The second wave of ska music took place primarily in the UK. The English record label 2 Tone was largely responsible for the genre’s resurgence in the country. This label was owned by Jerry Dammers and the Specials and produced music by bands such as the Bodysnatchers and the English Beat.
2 Tone ska music was political in nature. The music addressed issues of racism, promoting integration, and condemning the conservative leanings of Prime Minister Margaret Thatcher and the UK government. It also featured many bands with multi-ethnic members, which was pretty revolutionary at the time.
The 90s saw a third wave of ska music which was primarily focused in the United States. This style of ska built off of the foundations of the first and second waves with their Jamaican and British influences and morphed with the pop-punk and grunge rock that was extremely popular in America–and specifically Southern California–at the time.
Third-wave ska scaled back on the horn sections and amped up the guitar and anthemic melodies most people think of when they think of ska today. The music was still heavily melodic, energetic, and great for dancing, but it had a slightly grungier vibe thanks to its punk influences.
Popular bands of the era include Fishbone, Less Than Jake, Reel Big Fish, Rancid, and Mustard Plug.
The third wave of ska petered out of the mainstream consciousness in the late 90s as nu-metal and alternative rock became the more popular genres to listen to. As a result, many declared ska a dead genre.
Today’s ska music looks a lot like it did during previous waves. It is still a blend of Jamaican mento and calypso, R&B, and punk rock that features loud, energetic horn sections and an off-beat you can’t help but dance along to.
Many established second and third-wave ska bands have released music in the past couple of years which were well received by fans. The Specials’ newest album Encore reached No. 1 in the UK, while newer bands like The Interrupters and The Pirate Ska Rebellion are making waves for their unique sounds.

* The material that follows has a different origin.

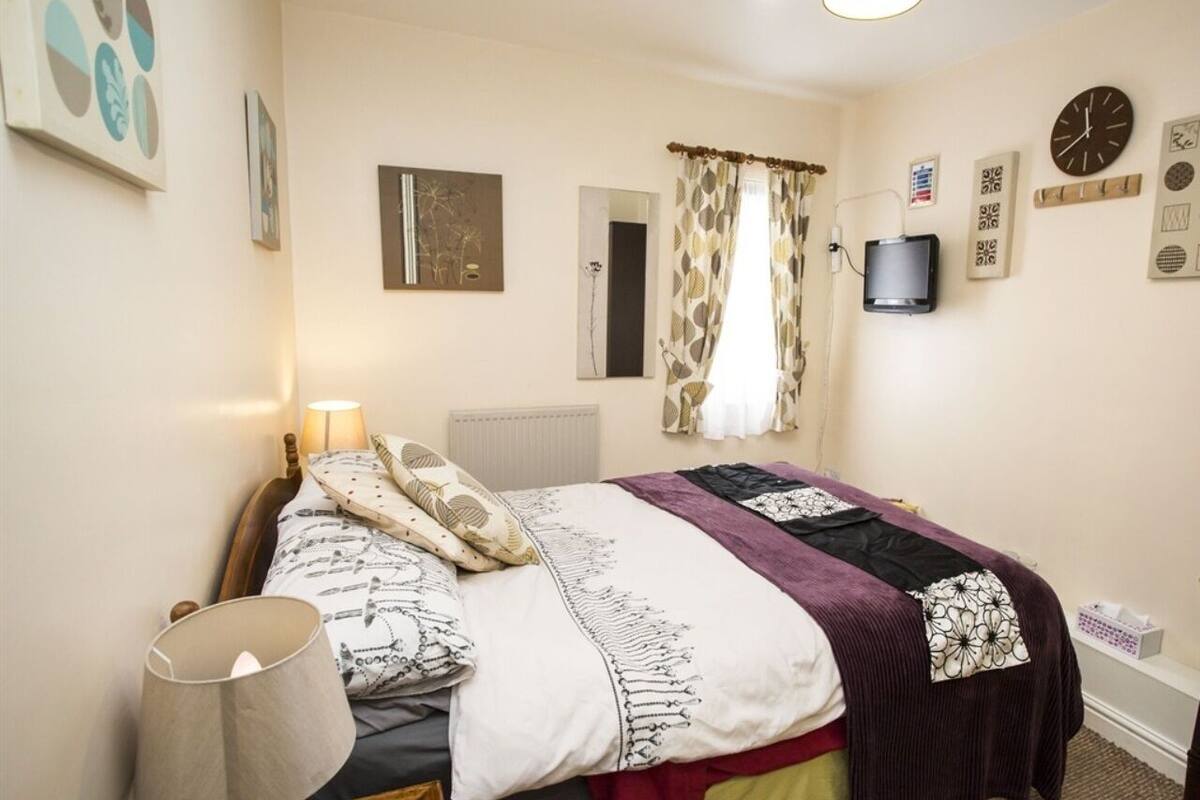 Un dormitorio con cama, lámparas de noche, un reloj y adornos en la pared.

The Mighty Mighty Bosstones’ While We’re At It was released in 2018. True to the genre’s second-wave history, the lyrics focused heavily on the contentious political climate in the United States. In May 2021, they released their 11th studio album titled When God Was Great.
Ska continues to drift in and out of mainstream culture and popular music preferences, as it has done throughout its entire history. It may never see the popularity it did during its third wave, but for those who love it, it will continue to be an important music style that’s close to their hearts.